Sophy never liked kibble after the first week or so, and having read how quickly the sprayed on oils go rancid I am not surprised. A friend has resorted to vacuum packing small portions and freezing them, which is probably the best way of keeping it fresh.


----------



## Apricot mini momma (Dec 22, 2020)

PeggyTheParti said:


> Their kibble might be to blame:
> 
> _“Kibble lasts only 2-3 weeks once the bag is opened. That’s far shorter than the ‘Best Before’ date on the bag, which is usually at least a year. But that date applies to unopened bags of food. Once opened, food loses its nutritional value and the fats begin to oxidize and go rancid.”_
> 
> ...


I read this right after throwing out a whole Costco organic young chicken that we had baked for Beau because my husband left it out all night thinking that was ok, and looking down at Beau eating his kibble from a 2 month old bag. I like the idea of vacuum packing. It’s just cheaper to buy the big bag! Ugh things feel difficult this morning 😆🤪


----------



## Dianaleez (Dec 14, 2019)

Now we get to think about all the things that we open and use slowly - flour, rice, pasta... (not chocolate!)


----------



## Basil_the_Spoo (Sep 1, 2020)

So, do we need to revaluate how we store poodle food? Is there a "best" way to do it?


----------



## Pavie (May 4, 2021)

Re-packaging them in small vacuum bags might be how to keep it fresh... I don't have a vacuum sealer, but I do tend to buy smaller bags, just because they are easier to carry. When I do get bigger bags, I divide the kibble into ziplock bags and squeeze the air out before sealing them.


----------



## Rose n Poos (Sep 22, 2017)

I'd have loved to buy more economical sizes but it takes my two mpoo boys 3 weeks to get thru their 6lb bag of food. 
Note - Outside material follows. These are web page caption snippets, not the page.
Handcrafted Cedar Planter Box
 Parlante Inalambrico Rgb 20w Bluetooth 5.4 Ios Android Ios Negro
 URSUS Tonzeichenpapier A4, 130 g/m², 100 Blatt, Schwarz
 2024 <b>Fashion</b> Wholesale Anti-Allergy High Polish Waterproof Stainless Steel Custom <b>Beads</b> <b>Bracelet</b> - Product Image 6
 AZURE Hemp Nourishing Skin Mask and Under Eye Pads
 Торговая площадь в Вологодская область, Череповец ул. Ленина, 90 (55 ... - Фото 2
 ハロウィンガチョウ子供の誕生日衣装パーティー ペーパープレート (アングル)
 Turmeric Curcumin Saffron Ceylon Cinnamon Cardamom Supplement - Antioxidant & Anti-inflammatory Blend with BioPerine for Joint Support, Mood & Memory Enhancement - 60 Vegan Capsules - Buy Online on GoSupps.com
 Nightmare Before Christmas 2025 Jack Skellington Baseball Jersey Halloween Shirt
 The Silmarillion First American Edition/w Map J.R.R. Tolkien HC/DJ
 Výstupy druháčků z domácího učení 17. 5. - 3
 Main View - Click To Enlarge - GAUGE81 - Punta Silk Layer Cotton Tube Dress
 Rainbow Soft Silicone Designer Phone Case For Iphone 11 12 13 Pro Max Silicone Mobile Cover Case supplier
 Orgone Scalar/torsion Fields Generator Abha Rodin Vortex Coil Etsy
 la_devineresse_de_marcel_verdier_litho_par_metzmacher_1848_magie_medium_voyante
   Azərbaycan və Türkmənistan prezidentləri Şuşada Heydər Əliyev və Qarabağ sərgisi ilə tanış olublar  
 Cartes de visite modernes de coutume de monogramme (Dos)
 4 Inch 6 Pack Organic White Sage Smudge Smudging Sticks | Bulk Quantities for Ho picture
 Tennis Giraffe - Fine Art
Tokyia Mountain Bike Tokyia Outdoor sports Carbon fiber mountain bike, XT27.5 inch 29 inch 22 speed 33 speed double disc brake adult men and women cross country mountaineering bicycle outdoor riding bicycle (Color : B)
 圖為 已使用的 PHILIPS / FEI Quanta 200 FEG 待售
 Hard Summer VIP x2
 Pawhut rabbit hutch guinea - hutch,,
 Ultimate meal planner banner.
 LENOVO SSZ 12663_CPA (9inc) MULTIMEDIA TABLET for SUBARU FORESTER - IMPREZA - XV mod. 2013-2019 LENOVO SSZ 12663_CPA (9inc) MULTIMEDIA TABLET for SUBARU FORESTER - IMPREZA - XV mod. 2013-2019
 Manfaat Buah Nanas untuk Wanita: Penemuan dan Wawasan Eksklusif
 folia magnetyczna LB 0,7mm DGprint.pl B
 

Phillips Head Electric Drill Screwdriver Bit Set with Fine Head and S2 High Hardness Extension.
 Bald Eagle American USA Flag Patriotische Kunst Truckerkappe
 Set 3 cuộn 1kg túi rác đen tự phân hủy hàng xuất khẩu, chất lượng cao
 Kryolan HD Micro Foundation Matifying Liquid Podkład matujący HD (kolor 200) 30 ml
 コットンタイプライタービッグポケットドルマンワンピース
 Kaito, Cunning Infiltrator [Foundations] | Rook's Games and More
I sort of split the difference by opening the bag, pour a weeks worth into a small sealed container, fold and clip the balance of the original bag in a larger sealed container. The original bag gets opened three times total. 

My thinking is that the less often the bag is opened, the fresher it stays.


----------



## PeggyTheParti (Sep 5, 2019)

We do something similar, opening Peggy’s kibble bag just as much as necessary to fill the container in our pantry.

I shared this article with my husband (the official kibble purchaser) and I heard him apologizing to Peggy, telling her he didn’t know and that he’ll get smaller bags from now on. 😢

The ones we currently get aren’t massive, but we’ve still got a little wiggle room there.


----------



## For Want of Poodle (Feb 25, 2019)

I repackage big bags into 2-3 sealed food grade buckets, and keep in a cool, dark place. They smell fresh when opened (need to be filled to the top).


----------



## Christine.G (Nov 19, 2020)

For Want of Poodle said:


> I repackage big bags into 2-3 sealed food grade buckets, and keep in a cool, dark place. They smell fresh when opened (need to be filled to the top).


Ditto


----------



## PowersPup (Aug 28, 2020)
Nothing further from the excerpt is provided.